The user agreed in facebook to have is data "public", so it can't complain that a robot scrap it.

Nothing prevents him to restrict access to his pages an data to "trusted" friends.

The description in the article sounds like it scrapes private profile data.

> Octopus designed the software to scrape data accessible to the user when logged into their accounts

Were they showing the private data to everyone, or just to the person whose account was used for the scraping? If it’s the latter, then this is also not a crime, it is just someone accessing data they have been authorized to access, but in an automated way.
I don't think so, it is more like you scrape what is accessible to this user. So in the end you will scrape your friends data. This is why I said that you are free to only share with friends that 'you trust'.
That is a very good point, but surely it was taken into consideration when scraping was declared legal?
All that case says is "scraping is not a violation of the CFAA". But of course the scraped data still exists in legal limbo; maybe you can compute derived information from it, but the moment a scraper reproduces it there is all of copyright law waiting for them.
In that case, the user owns the copyright, not the company, as the user is the author. So it would be up to them to take legal action if deemed necessary.
The only argument I have here (sadly in favor of FB) is with "safeguard people against clone sites". While I did give my data to FB, I didn't approve that transfer to another site/system. That is the only place I could possibly see some legal foot hold.
What happens when FB builds a shadow instagram profile of you based on your FB account? That already happens. FB clones their own data for other projects no different than what you might fear happening if this data were cloned to a third party. The cat is out of the bag already but FB wants to pretend they are the only ones with the right to abuse.
It's impossible to control information once been created.
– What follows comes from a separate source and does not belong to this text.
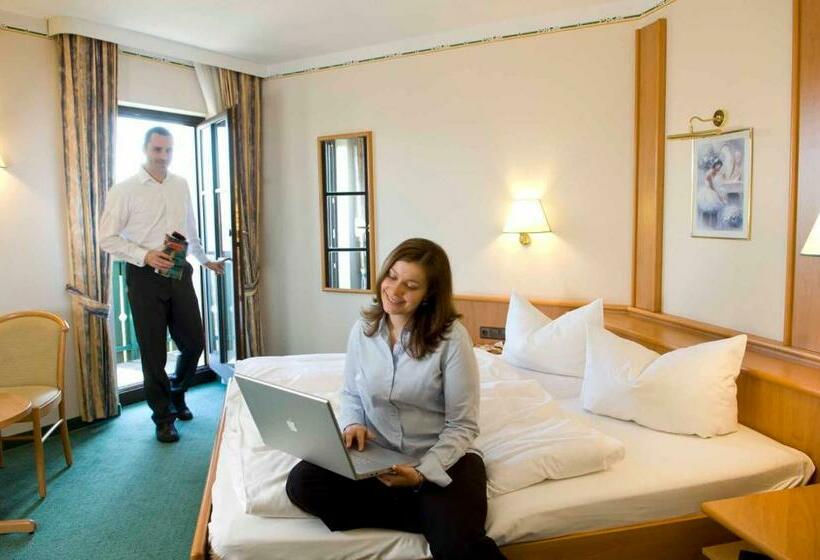 חדר סופריור, Goldener Hirsch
The longer it's existed and the more locations you can see it make that spread exponentially more likely.

Wehether we make that spread of informationlegal or not does little to affect whether it happens.
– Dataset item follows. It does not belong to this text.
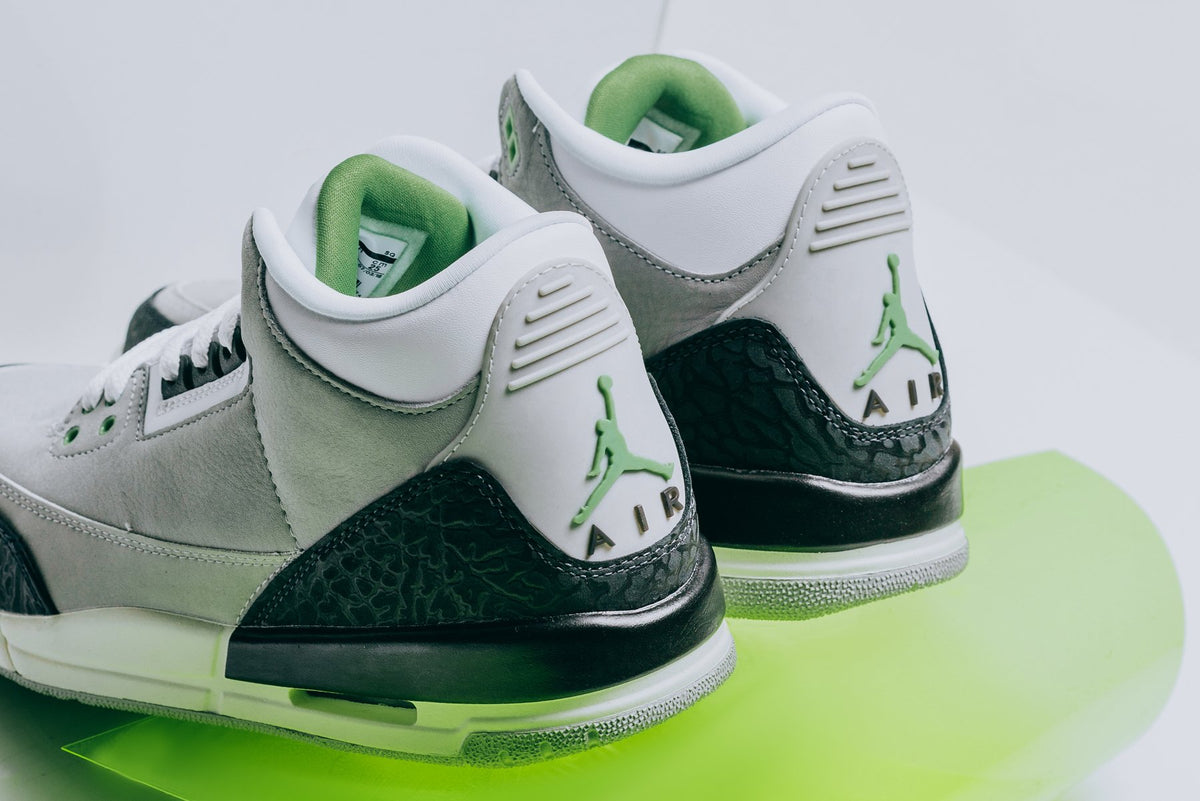 Air 3 Retro (GS) - Light Smoke Grey/Chlorophyll – Feature display picture 2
There are two things that might help. First, don't share as much information. Once it's no longer limited to you or your close group of friends which hopefully won't share it along with your name, it's mostly out of your control. Second, put limits (laws) on what information companies are able to synthesize about you, and how long they can retain it. If there's less information created about you (or it's ephemeral, created and destroyed as needed), and if they need to clean out older data, there's less to be shared or stolen.

“It’s hard to enforce the rule of law” is not a good reason to abandon it entirely. Data privacy laws make data privacy better even without being 100% infallible.

We should be both practicing good data hygiene and using legal tools to combat those who abuse data privacy.

> “It’s hard to enforce the rule of law” is not a good reason to abandon it entirely.

I didn't?

> We should be both practicing good data hygiene and using legal tools to combat those who abuse data privacy.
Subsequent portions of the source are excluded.